TASK DESCRIPTION. Your copy should hold only the lines from the one with "Carte Postale Alchimie" to the one with "hijab pasmina instan", both included, each exactly as it stands below, with no pictures.

TASK INPUT.
● ● ● ● ●
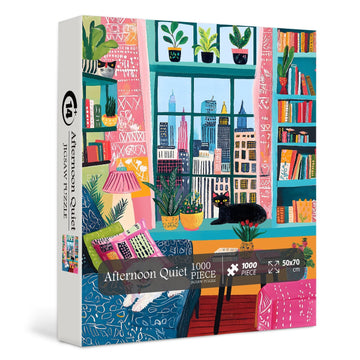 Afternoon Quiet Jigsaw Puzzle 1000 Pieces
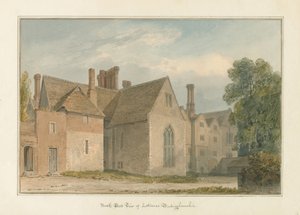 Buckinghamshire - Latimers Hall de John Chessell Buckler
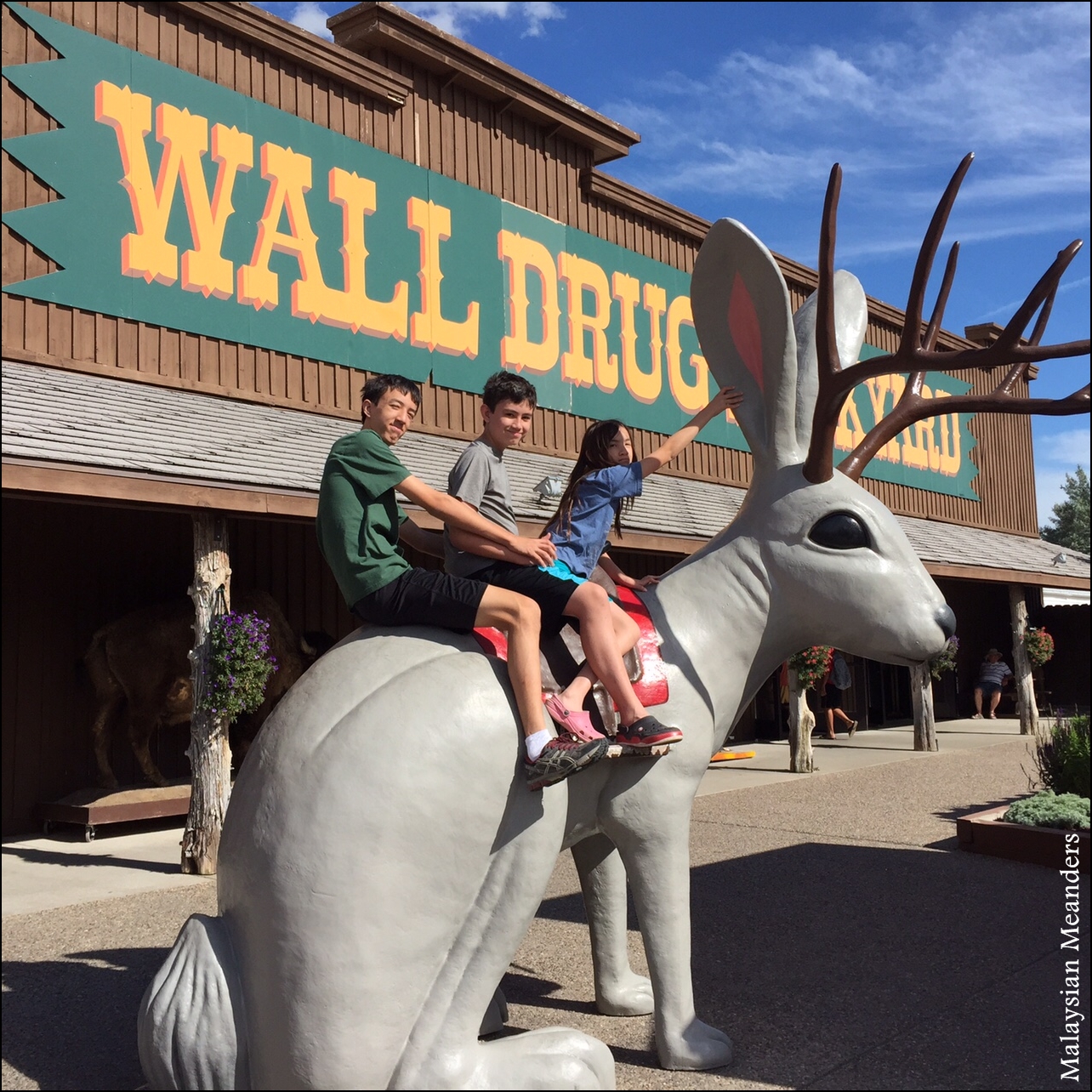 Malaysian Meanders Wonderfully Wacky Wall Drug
● ● ● ● ●
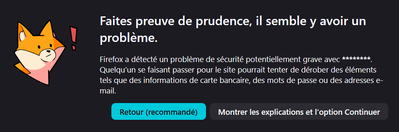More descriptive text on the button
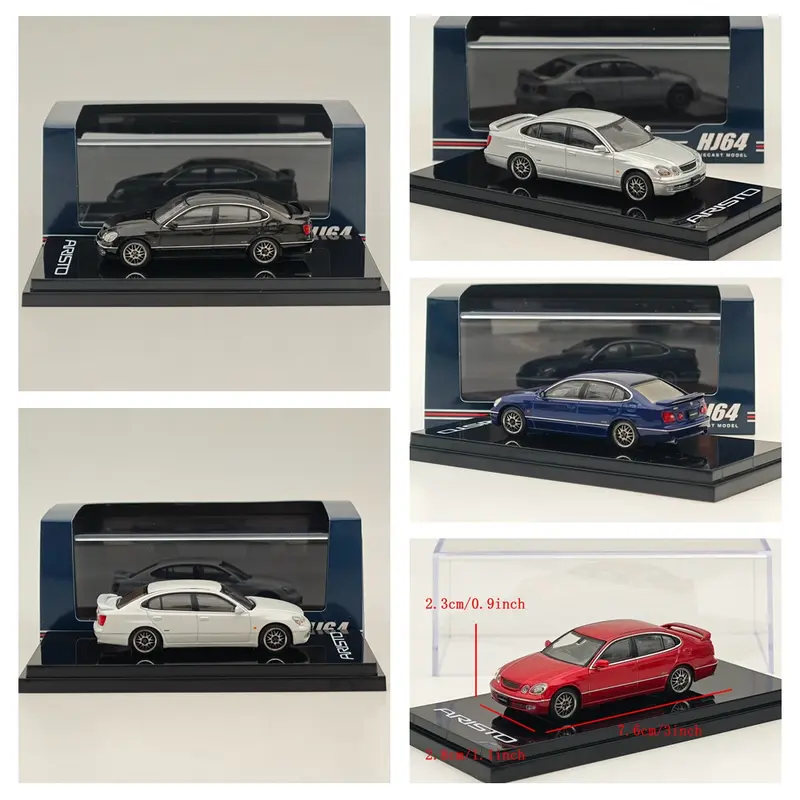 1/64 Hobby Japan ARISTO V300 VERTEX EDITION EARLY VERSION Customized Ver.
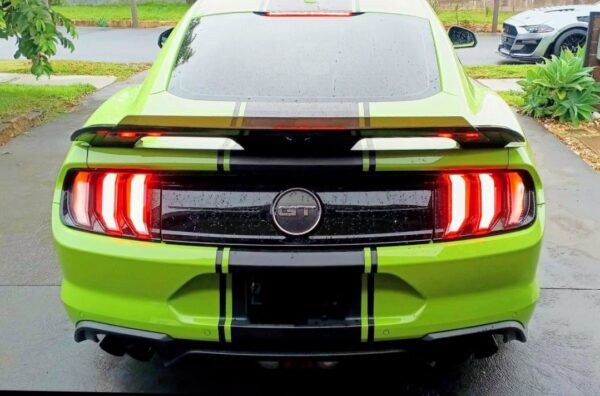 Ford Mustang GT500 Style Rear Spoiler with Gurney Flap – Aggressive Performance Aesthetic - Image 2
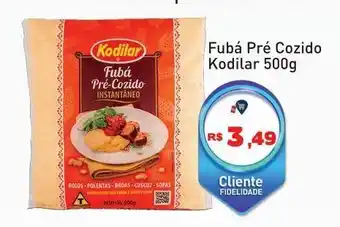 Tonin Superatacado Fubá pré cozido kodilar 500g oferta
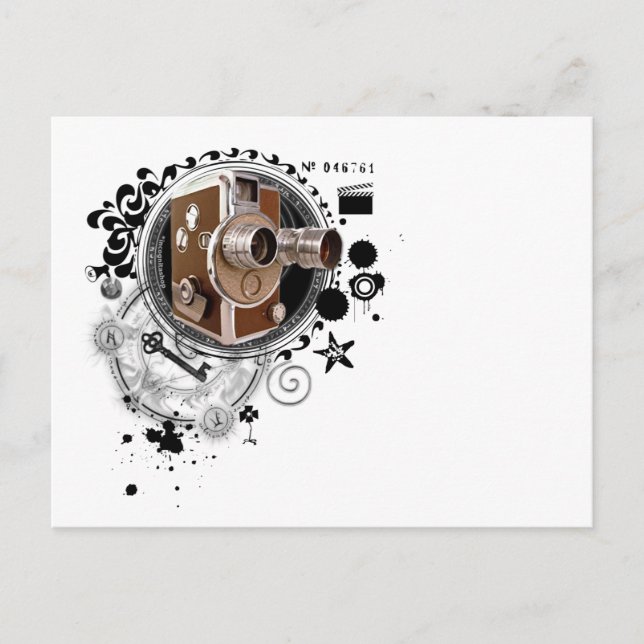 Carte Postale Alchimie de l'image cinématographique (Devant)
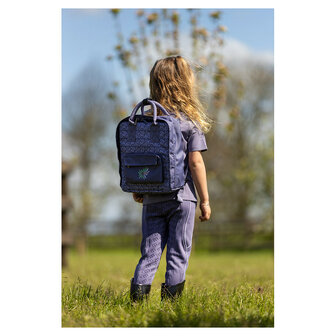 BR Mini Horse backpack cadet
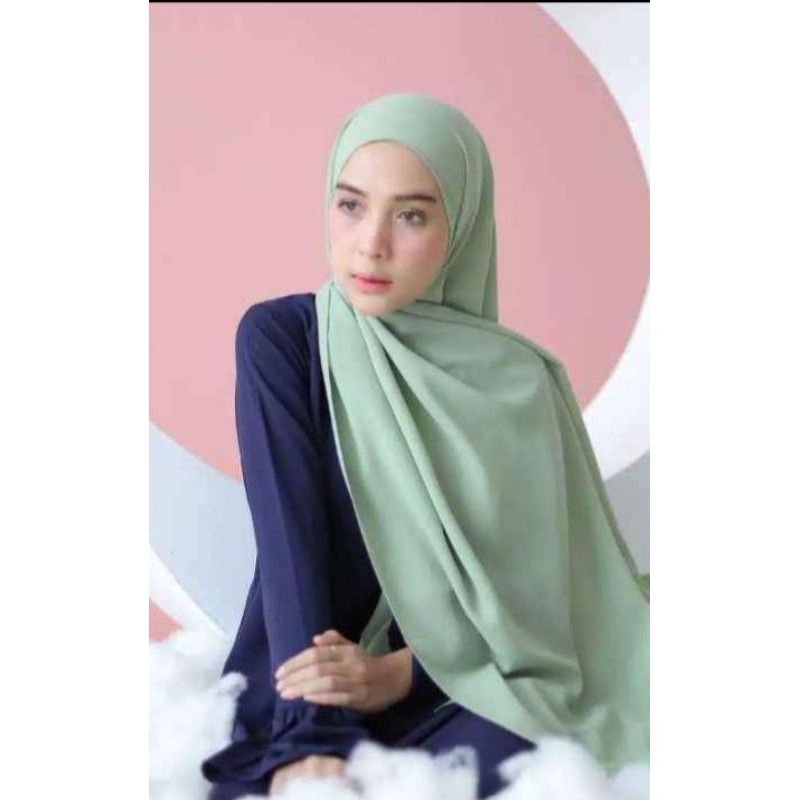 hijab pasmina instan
● ● ● ● ●
WRITTEN RESPONSE.
 Carte Postale Alchimie de l'image cinématographique (Devant)
 BR Mini Horse backpack cadet
 hijab pasmina instan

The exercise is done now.